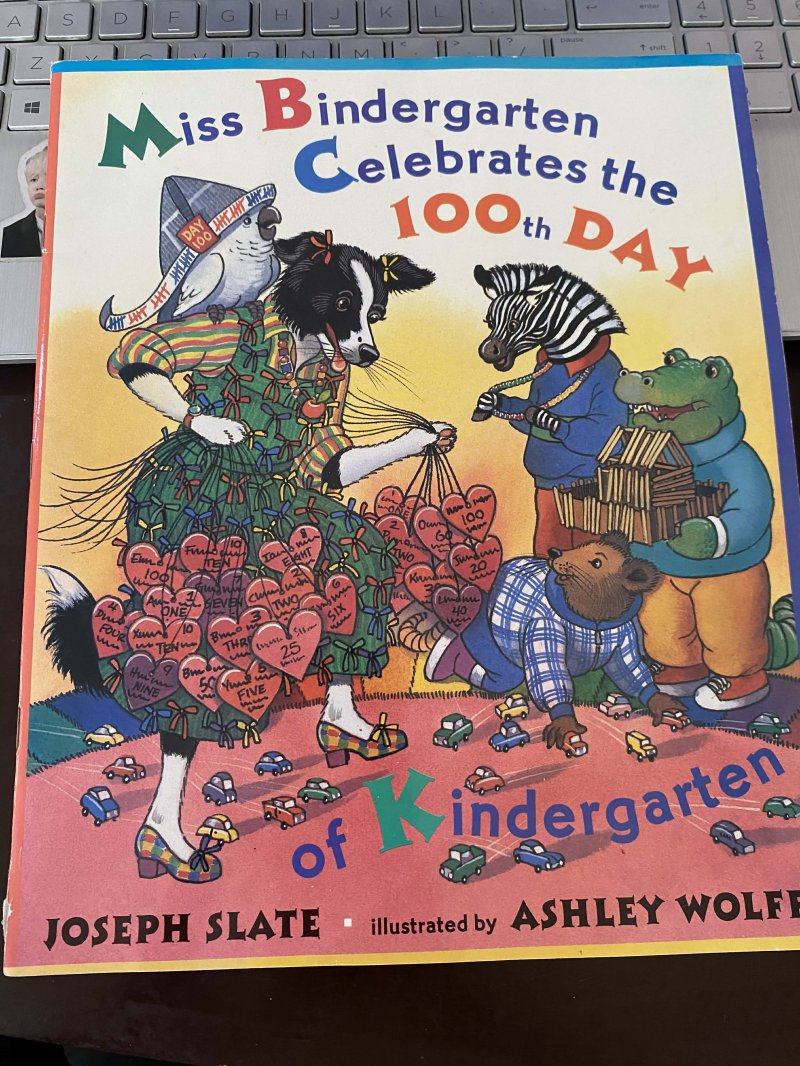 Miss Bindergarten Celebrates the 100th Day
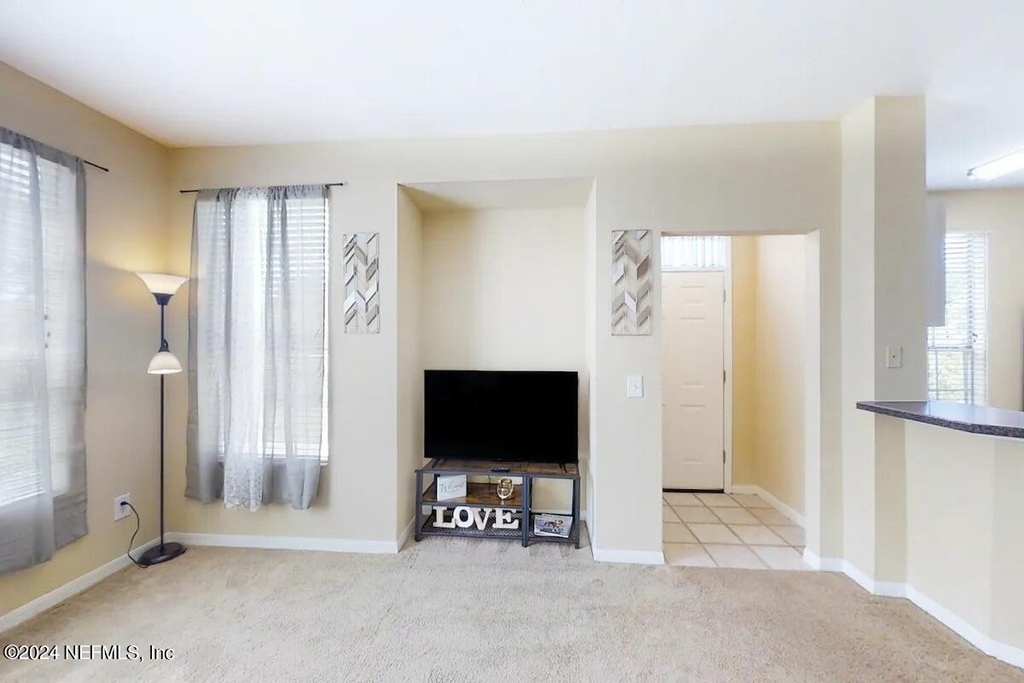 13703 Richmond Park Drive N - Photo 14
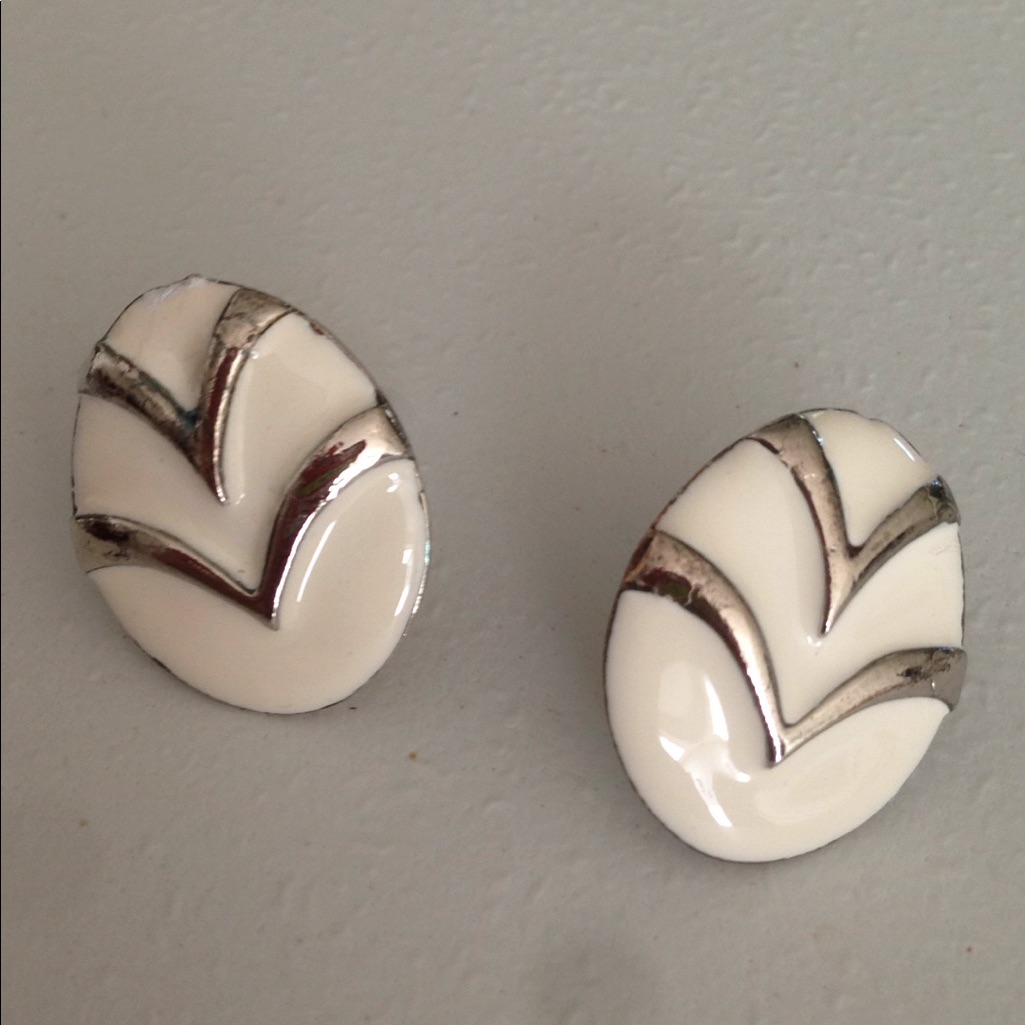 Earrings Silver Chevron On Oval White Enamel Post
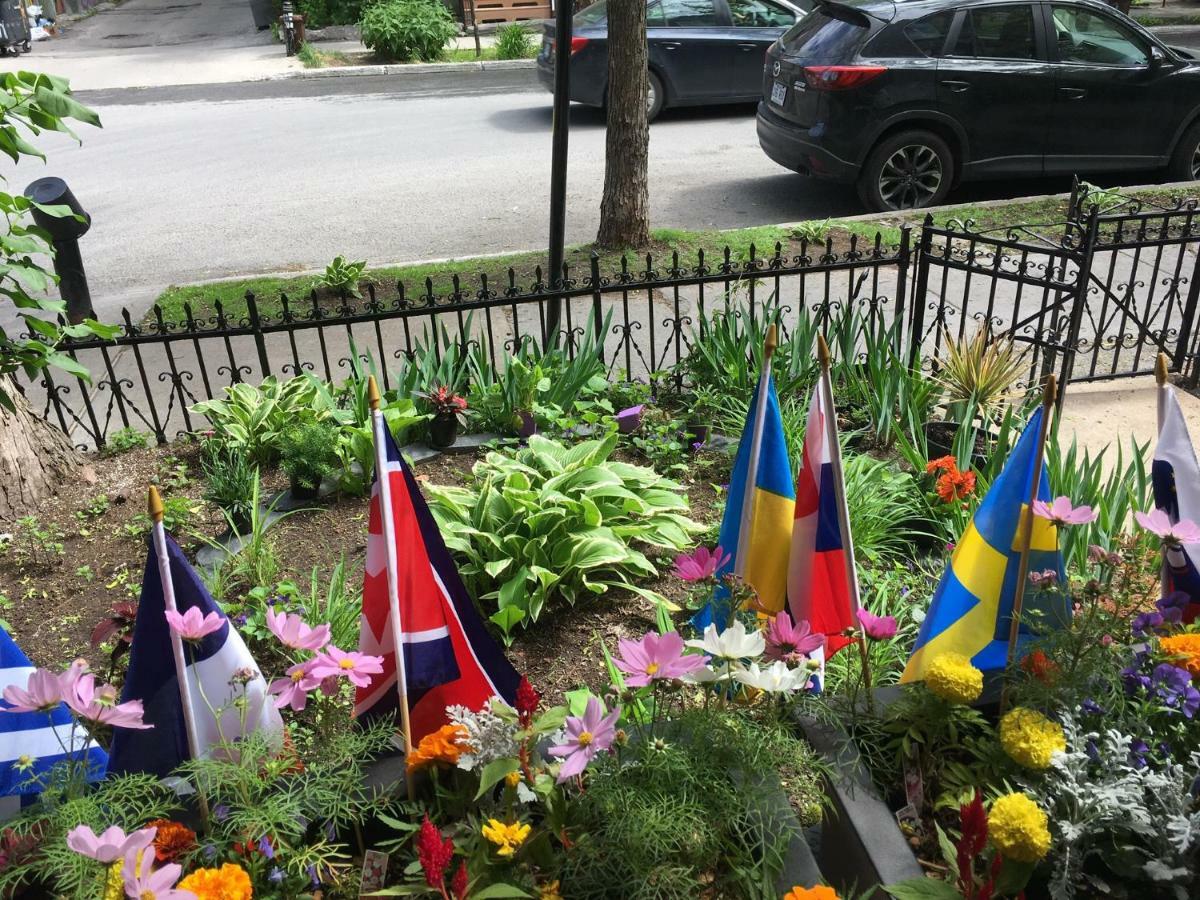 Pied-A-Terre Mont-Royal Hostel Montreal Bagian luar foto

• _What you have to do_
Only the lines from the one with "Earrings Silver Chevron" through the final line of the data should be written out, exactly and including both ends. Skip the pictures.

• _Answer section_
 Earrings Silver Chevron On Oval White Enamel Post
 Pied-A-Terre Mont-Royal Hostel Montreal Bagian luar foto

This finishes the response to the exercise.